*Dataset content*.
Start of Block
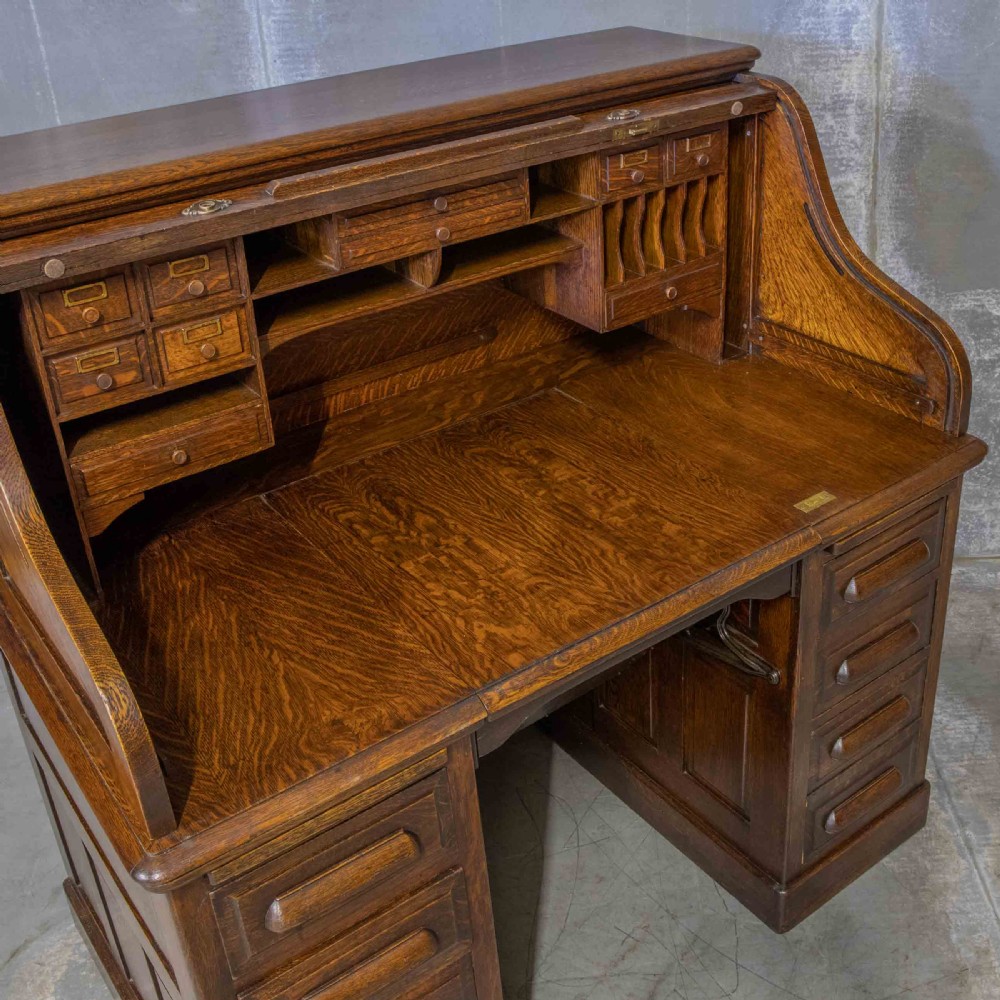 Edwardian Oak Autotype Roll Top Desk View VIII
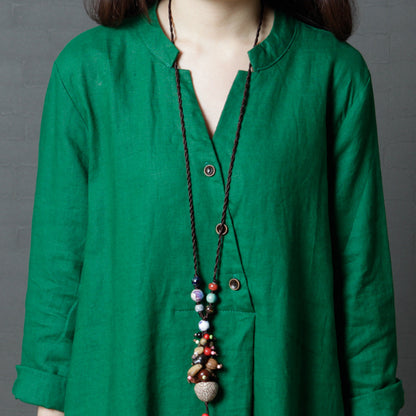 Vintage Linen Women V Neck Long Shirt Dresses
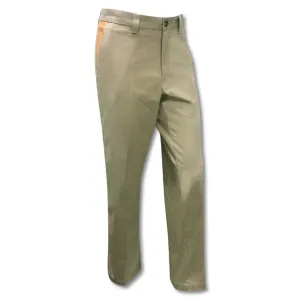 Kevin's Khaki Stretch Poplin Pants with Faux Suede Trim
End of Block
*What you will do*. Return the material in full, word for word, and skip the pictures.

*Exercise response*.
 Edwardian Oak Autotype Roll Top Desk View VIII
 Vintage Linen Women V Neck Long Shirt Dresses
 Kevin's Khaki Stretch Poplin Pants with Faux Suede Trim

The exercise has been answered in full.